Does your life have a purpose?
Are there things you care about or you want to achieve in the future?
If you answer yes to these questions, then you will work hard to achieve your goals. And it doesn’t matter what goal you have – whether it is to make it to heaven, protect the environment, raise your kids well, or accumulate knowledge. Having a big goal will bring some meaning to your life. Early schools of clinical treatments have focused on providing people with a purpose in life. In his famous book “man’s search for meaning.”, psychiatrist and holocaust survivor Viktor Frankl argued that if you have a purpose in life, you may not have psychiatric problems. After all, the meaning of life comes from having a goal or purpose, like helping the poor, doing scientific research, saving animals, worshipping a god, or taking care of the environment. Several studies have shown that people who have a purpose are usually not impulsive. Their purpose makes them work harder for that future goal. Many addicts are impulsive and do not look too far into the future, which is mainly because of their lack of life meaning.
Based on Frankl’s book, Professor Lisa Harlow, from the University of Rhode Island, devised the Purpose in Life questionnaire. It has questions like
“in life, I have no goals or aims at all”,
“my personal existence is utterly meaningless and without purpose ”,
“life to me always seem exciting”
“My life is empty filled only with despair”,
“If I could choose, I would prefer never to have been born”
And for each of these questions, you can indicate your answer on a 1-7 Likert scale. When giving this scale to heroin-addicted patients, 82% of them answered 5-7 in “in life, I have no goals or aims at all”. 84% of them answered 1-3 in “life to me always seem exciting” For them, life is not really that exciting and they don’t really have any goals or plans.

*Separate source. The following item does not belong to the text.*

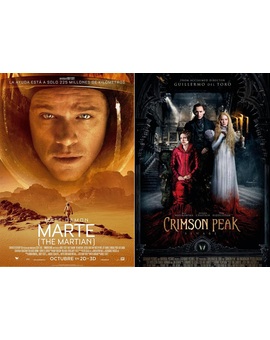 Estrenos 16-10-2015: ¿Cual de estas dos ireis a ver al cine?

Once you lose your purpose in life, you may become depressed. If there is no point living, you won’t have any motivation to do anything. Everything will be a burden. And instead of planning for a career, a family or some other life goal, taking drugs is the easy way out. It is not surprising then that 65% of addiction patients have depression. And almost 47% of patients with depression abuse drugs. Depression and drug use often go hand in hand.
Losing meaning might place us at risk. If you find yourself lately losing hope, zest, meaning… pause and reflect. If you struggle with finding meaning, please, get help.